The Bauer Ball rolls into chef Justin Everett's more casual new guard at Murray Circle and isn't quite as impressed as he was when he gave former chef Joseph Humphrey's menu three stars—even though they got rid of the old "incongruous" tablecloths, "the service has continued to improve," and the "entire aura is retro and wonderful." The "beautiful combination" of Everett's bouillabaisse is a high point, but overall the food "might not reach the heights it once did." 2.5 stars. [Chron]
Reidinger files a keeper on Una Pizza Napoletana, calling it "probably the closest thing we have to a food-art installation." Unlike anyone else who's reviewed the place, he says "service is excellent," and "the pies, despite their stark lack of trappings are worth waiting for and even suffering (a little) for." [SFBG]
Now have a chuckle at Il Kauff's title for his review of the Marina's new Tacko: "The Nantucket Gringo Take on the Taco." He defends owner Nick Fasanella a bit, noting "all manner of cooks have been torquing the taco to fit the contours of their culinary heritage," then he launches into a brief history of the gabacho (white person) taco.
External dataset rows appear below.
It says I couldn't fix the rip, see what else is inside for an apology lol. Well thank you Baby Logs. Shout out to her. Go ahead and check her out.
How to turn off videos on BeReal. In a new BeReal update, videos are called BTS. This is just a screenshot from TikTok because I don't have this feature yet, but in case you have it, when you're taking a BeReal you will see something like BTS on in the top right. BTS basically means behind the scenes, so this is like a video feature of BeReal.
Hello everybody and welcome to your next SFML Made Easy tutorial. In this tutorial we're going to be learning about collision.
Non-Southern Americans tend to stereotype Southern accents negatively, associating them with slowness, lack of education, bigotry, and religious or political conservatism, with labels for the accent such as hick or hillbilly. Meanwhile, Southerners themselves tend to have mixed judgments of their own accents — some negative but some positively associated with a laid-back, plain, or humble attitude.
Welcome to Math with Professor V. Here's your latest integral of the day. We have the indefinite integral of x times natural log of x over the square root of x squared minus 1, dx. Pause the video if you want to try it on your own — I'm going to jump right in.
Sadly, "Tacko's sole Nantucket dish, a lobster roll ($18), was no testament to East Coast cuisine" and none of the tacos measure up to what you can get in a taco truck. The high point—besides the "pièce de resistance": Baja tacos "Nick's way"— is an "ultra-gabacho California-style burrito" stuffed with fries and melted cheese. It's "genuinely hard to stop eating." [SF Weekly]
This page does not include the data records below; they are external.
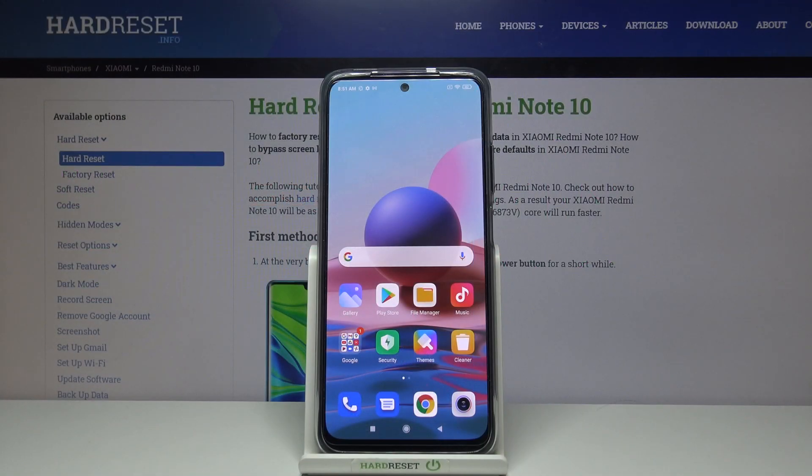Hello, I am here today with Xiaomi Redmi Note 10 and I'll be showing you how you can customize your notifications bar.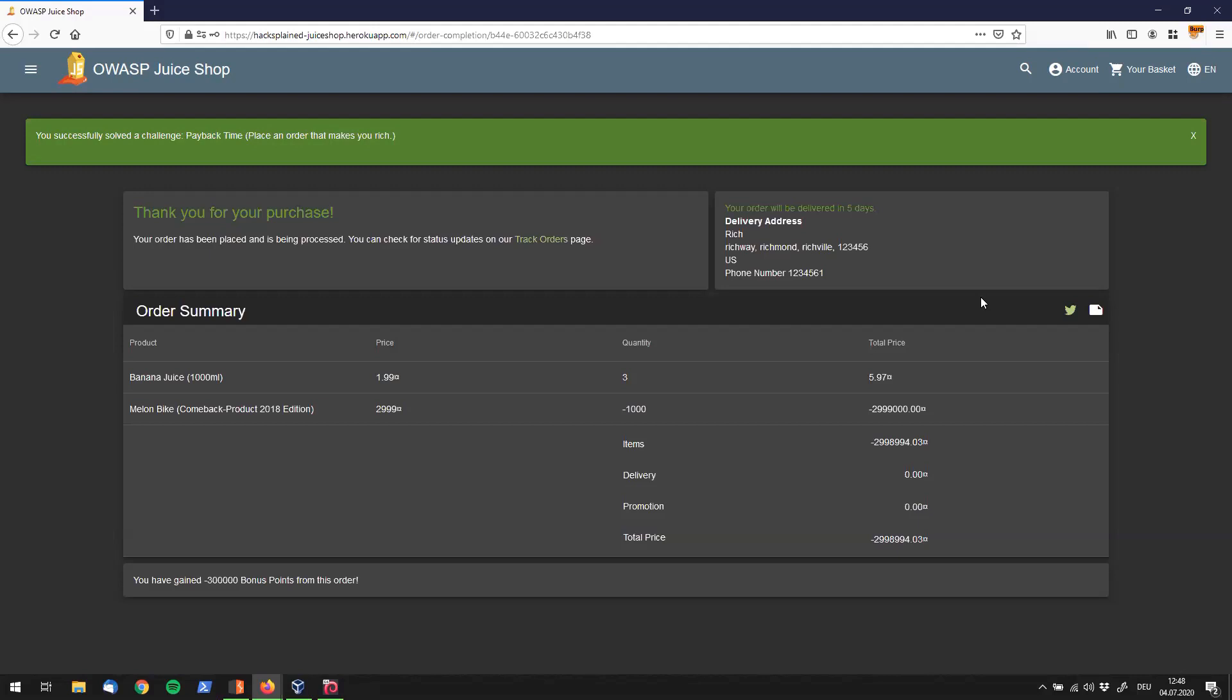Alright folks, that was it for today. I hope you will also become millionaires by buying a couple of melon bikes right now. Thank you as always for watching, subscribe in the top right corner, and I'll see you soon.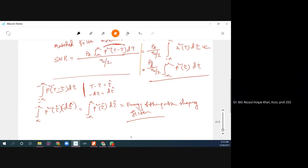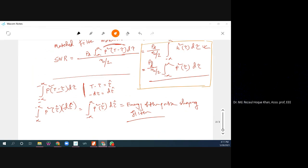This is the condition for maximum SNR. We have derived the maximum SNR condition: using a matched filter maximizes the SNR. In the next class, we will derive the bit error rate or bit error probability. See you then.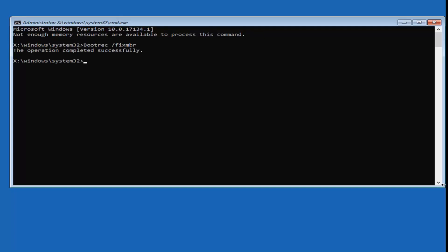Next type in bcdedit — all one word — space, forward slash, export. Then add a space and the drive letter where Windows is installed followed by a colon, then a backslash and 'bcd backup.' In my case it's C, so: bcdedit /export C:\bcd backup. Please take note of where the spaces are and hit enter.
The Elsewhere: The EBX's Birdsall goes for super authentic (and organic) Thai at Richmond's Ran Kanom, The Merc discovers a new filled niche at Tender Greens in Walnut Creek, Marin IJ clarifies that the new Food Truck Crush is not a bunch of "roach coaches," Bargain Bite checks out the new cafe at the JCC and Bar Bites makes the unsurprising discovery that Bourbon Steak's bar food is not cheap.